地域経済 2026.01.13

発達支援などの奏音 通信制高校を新築移転 受入体制広げ4月始業

発達支援などの奏音 通信制高校を新築移転 受入体制広げ4月始業

 発達支援や訪問看護の事業所を運営する奏音(かのん、中区白島中町、森川敦子社長)は、通信制高校「K教育財団 森川ハイスクール」(同東白島町13―7の1階)を白島中町4―1に新築移転する。未就学時から自社事業所に通う子どもを中心に通常の学校教育になじめず引きこもりになった児童を支援しており、人数増加に伴って受け入れ体制を拡充。3月末に竣工し、4月中旬に入学式と始業式を開く予定。

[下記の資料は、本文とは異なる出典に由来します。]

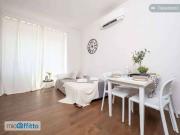 Bilocale arredato Chiesa rossa, cermenate, ripamonti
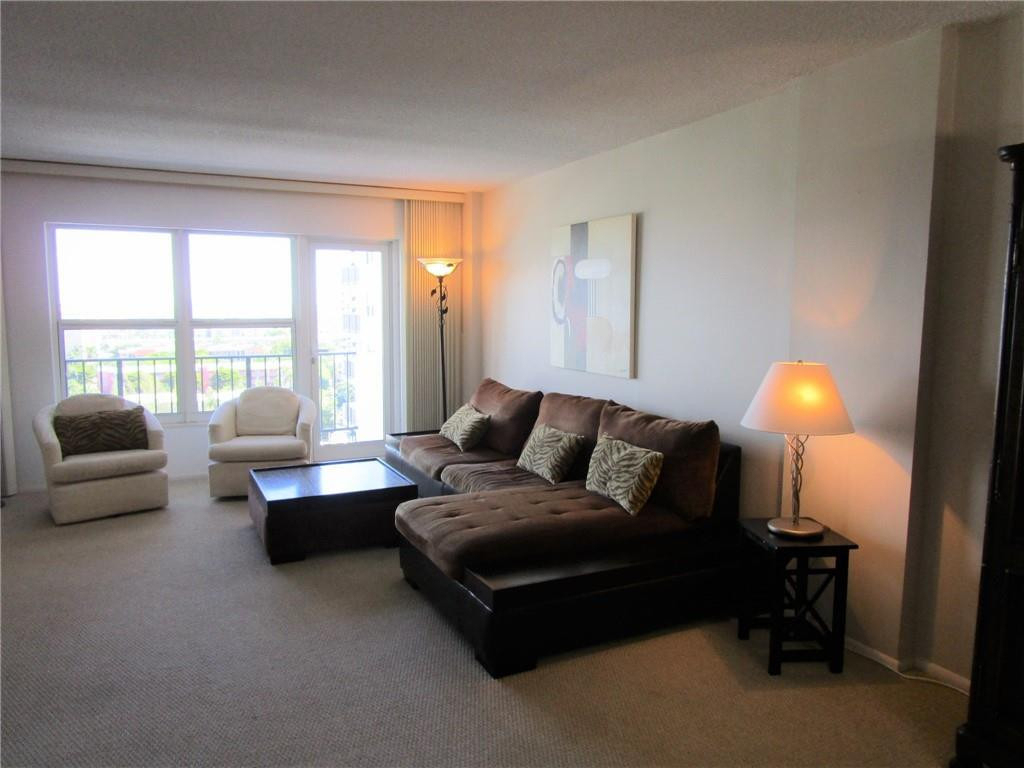 405 N Ocean Boulevard - Photo 30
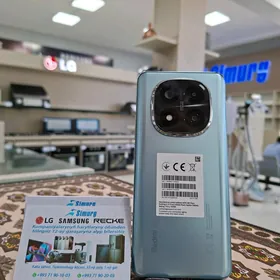 Redmi not 14 pro +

 学校法人つくば開成学園(茨城県)の広島校として2023年11月に開校し、関連法人の(財)K―education(ケイエデュケーション、代表理事同)が運営している。療育事業の知見を生かし、例えば数字などの読み取りが苦手な子どもには授業用のレポートを縦書きにして文字を大きくするなど、認定心理士や作業療法士らが子どもの発達レベルに応じて配慮する。当初想定の定員15人を超え、4月以降に十数人の入学を見込んでいる。

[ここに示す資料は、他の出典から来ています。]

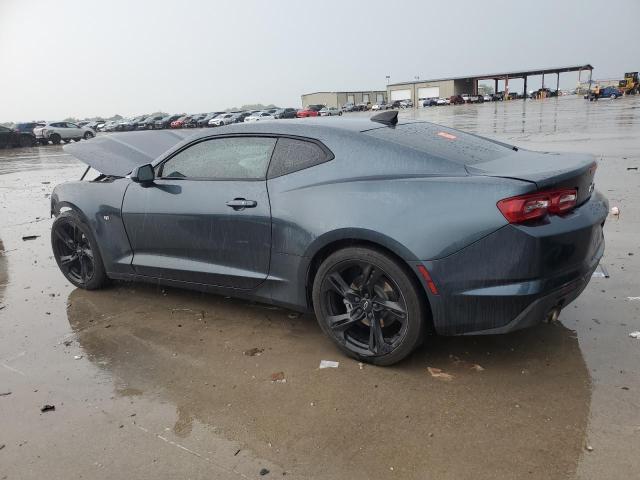 Vin: 1g1fb1rx4n0133564, lot: 55817455, chevrolet camaro ls 20222
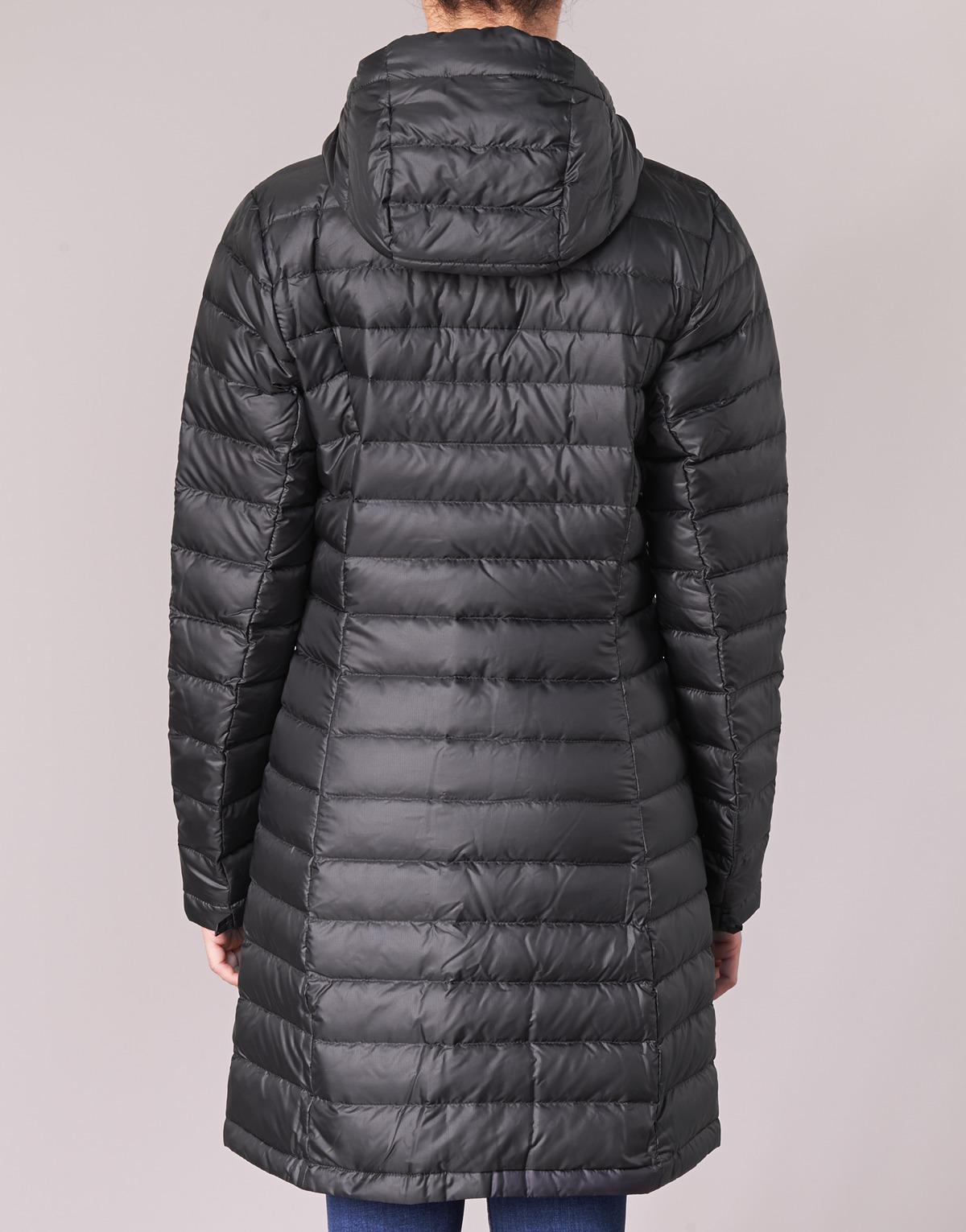 patagonia fiona hooded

 賃借物件が手狭となり、市道御幸橋三篠線沿いの敷地182平方㍍に3階建て延べ372平方㍍を建てる。1階に「コミュニケーション&ライブラリーコーナー」を新設。将来の夢や進路選びの参考になる書籍をそろえ、子ども同士の交流も促したいとする。2、3階には個別学習や面談に使う部屋、単位取得に必須の対面授業「スクーリング」を行う大型教室などを充実させた。広島県の2024年度の全小中高校の不登校児童生徒数は10年前から約2・5倍の1万581人となり、通信制高校の需要が増している。
 奏音は2010年に設立。遊びや運動などを中心とした発達支援事業所・放課後等デイサービス事業所6施設、不登校児が対象の訪問看護リハビリテーション1施設を市内で運営する。利用者は計約1200人。